- Task to carry out:
Take the entries below and print only the lines from the one with "性感美女操白浆欧美的相关介绍" through the one with "长城赞歌_歌曲简谱_词曲:吕伟忠 胡旭东", exactly as they stand, both ends included.

- Source information:

======

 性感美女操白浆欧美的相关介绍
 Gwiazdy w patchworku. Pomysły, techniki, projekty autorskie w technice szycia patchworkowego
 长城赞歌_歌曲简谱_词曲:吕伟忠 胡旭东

======

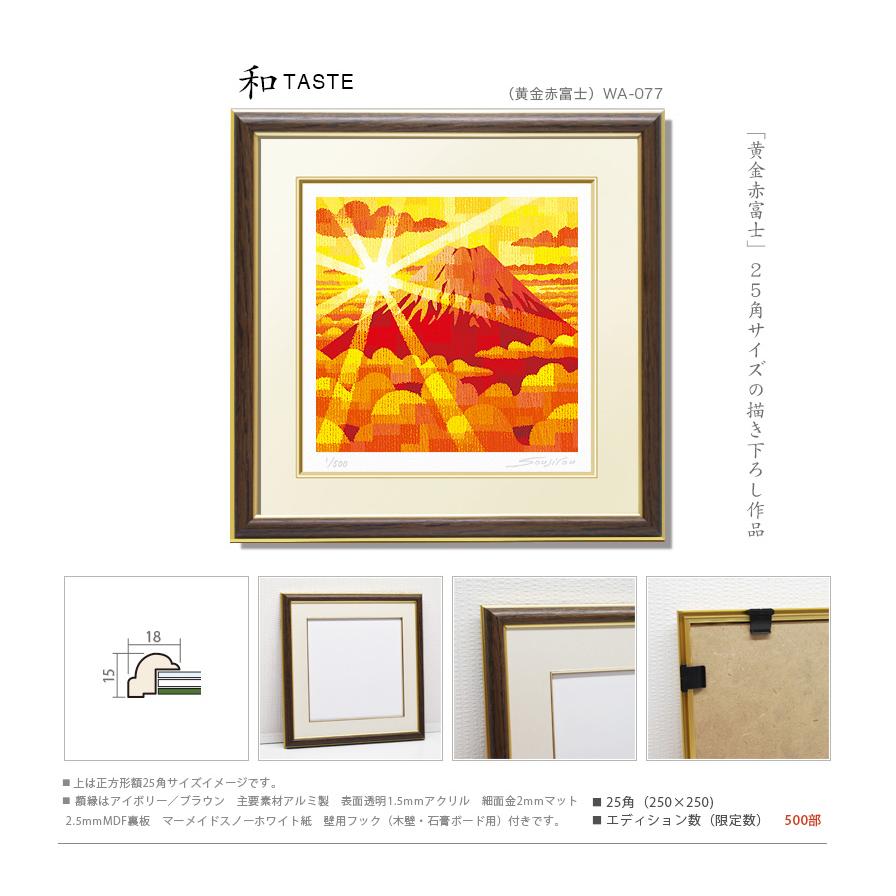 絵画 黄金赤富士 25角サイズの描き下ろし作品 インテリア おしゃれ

======

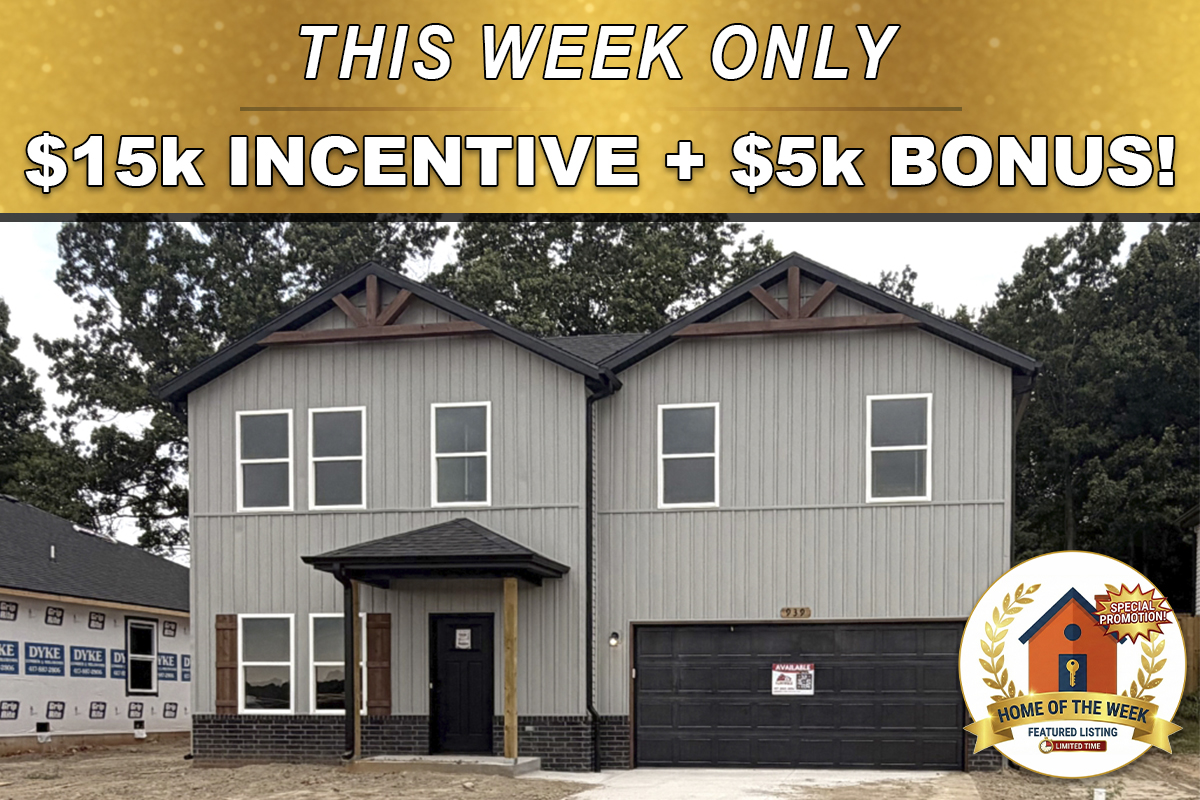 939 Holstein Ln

======

- Reply:
 性感美女操白浆欧美的相关介绍
 Gwiazdy w patchworku. Pomysły, techniki, projekty autorskie w technice szycia patchworkowego
 长城赞歌_歌曲简谱_词曲:吕伟忠 胡旭东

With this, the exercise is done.